* Exercise brief
Nothing but the lines below from the one holding "Item thumbnail for" up to and including the one holding "TikTok video thumbnail by maram.zaaba" should be copied, exactly and without pictures.

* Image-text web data
☆ ☆ ☆ ☆ ☆

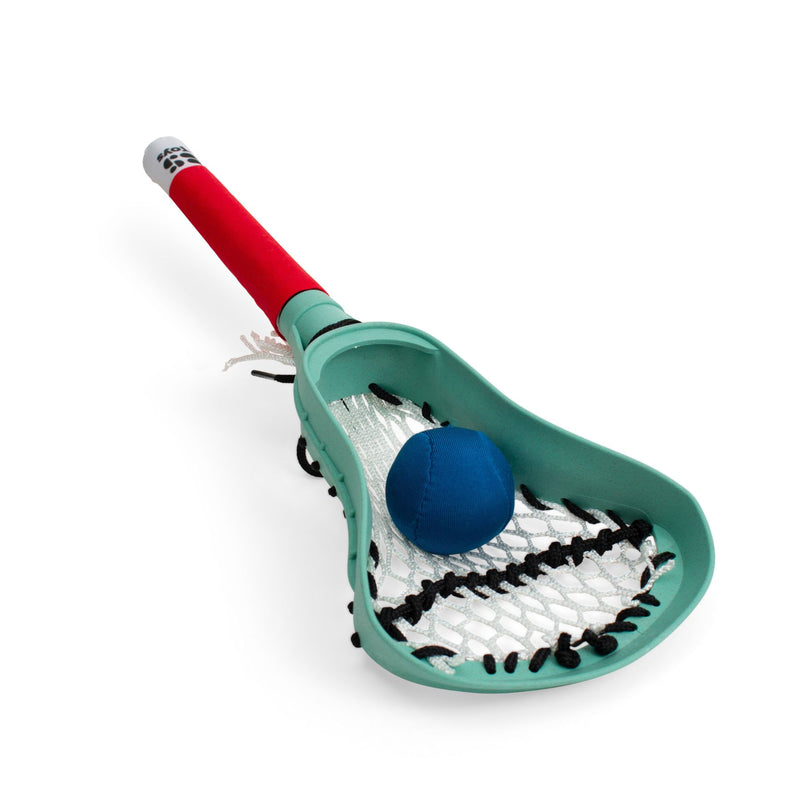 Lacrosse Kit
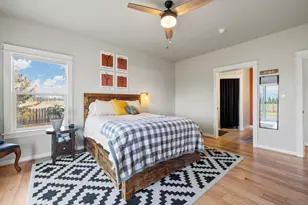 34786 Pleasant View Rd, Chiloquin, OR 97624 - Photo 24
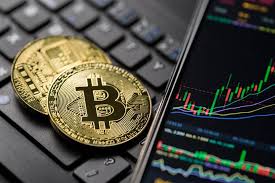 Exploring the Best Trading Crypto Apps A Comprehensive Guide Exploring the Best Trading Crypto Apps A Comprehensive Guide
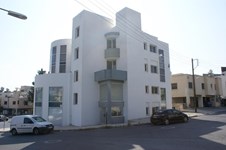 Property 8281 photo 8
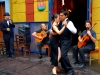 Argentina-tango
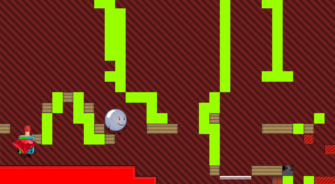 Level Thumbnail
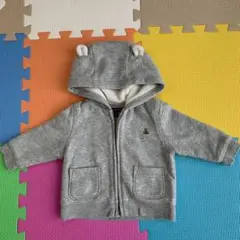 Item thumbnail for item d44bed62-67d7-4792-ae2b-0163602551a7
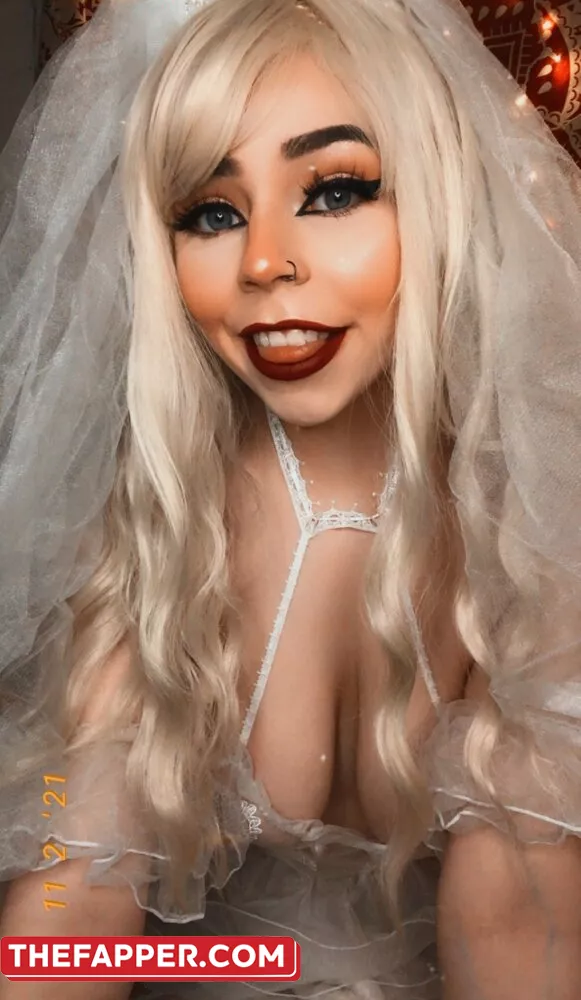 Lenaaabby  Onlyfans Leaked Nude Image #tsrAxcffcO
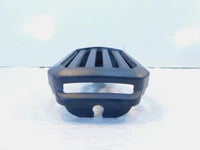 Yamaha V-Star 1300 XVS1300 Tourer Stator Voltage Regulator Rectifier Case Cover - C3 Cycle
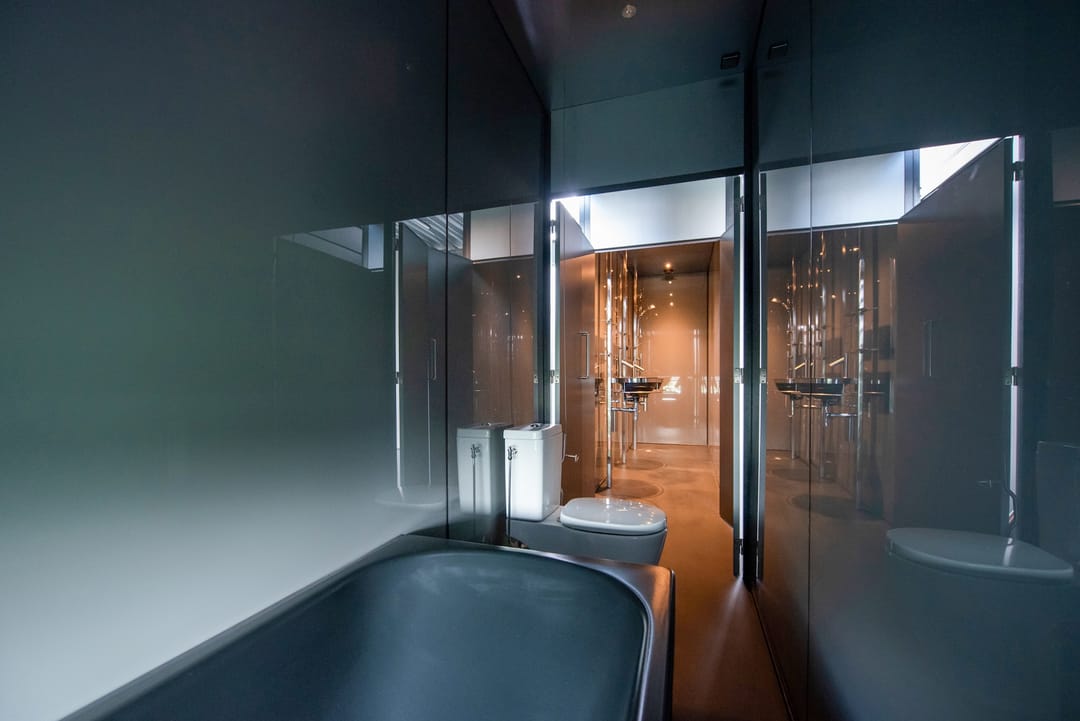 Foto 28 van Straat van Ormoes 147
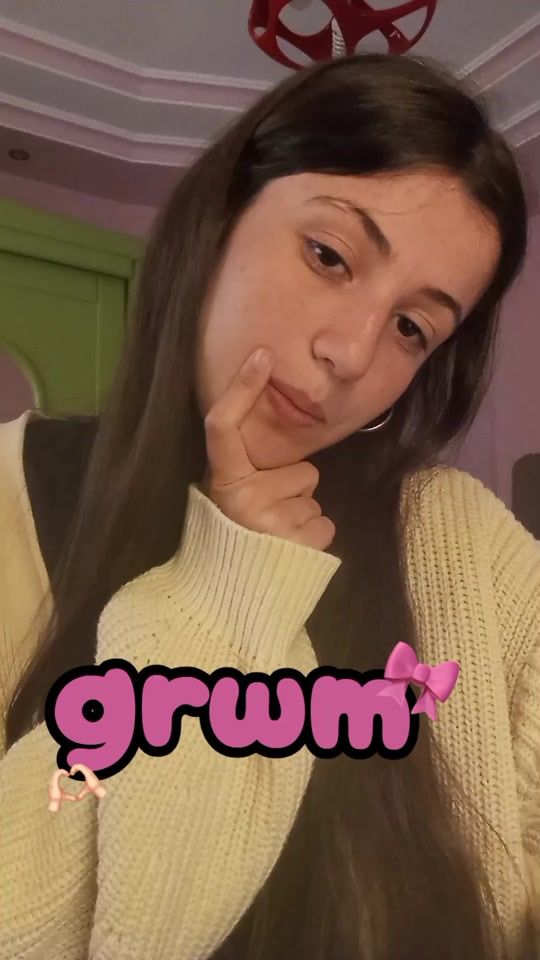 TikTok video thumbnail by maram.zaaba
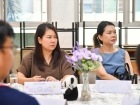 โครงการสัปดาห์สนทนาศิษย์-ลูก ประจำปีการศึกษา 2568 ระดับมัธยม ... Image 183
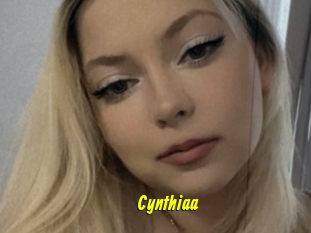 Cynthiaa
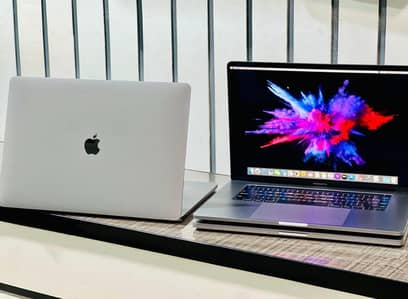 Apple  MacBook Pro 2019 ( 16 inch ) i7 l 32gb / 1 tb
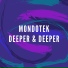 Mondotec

☆ ☆ ☆ ☆ ☆

* Your solution
 Item thumbnail for item d44bed62-67d7-4792-ae2b-0163602551a7
 Lenaaabby  Onlyfans Leaked Nude Image #tsrAxcffcO
 Yamaha V-Star 1300 XVS1300 Tourer Stator Voltage Regulator Rectifier Case Cover - C3 Cycle
 Foto 28 van Straat van Ormoes 147
 TikTok video thumbnail by maram.zaaba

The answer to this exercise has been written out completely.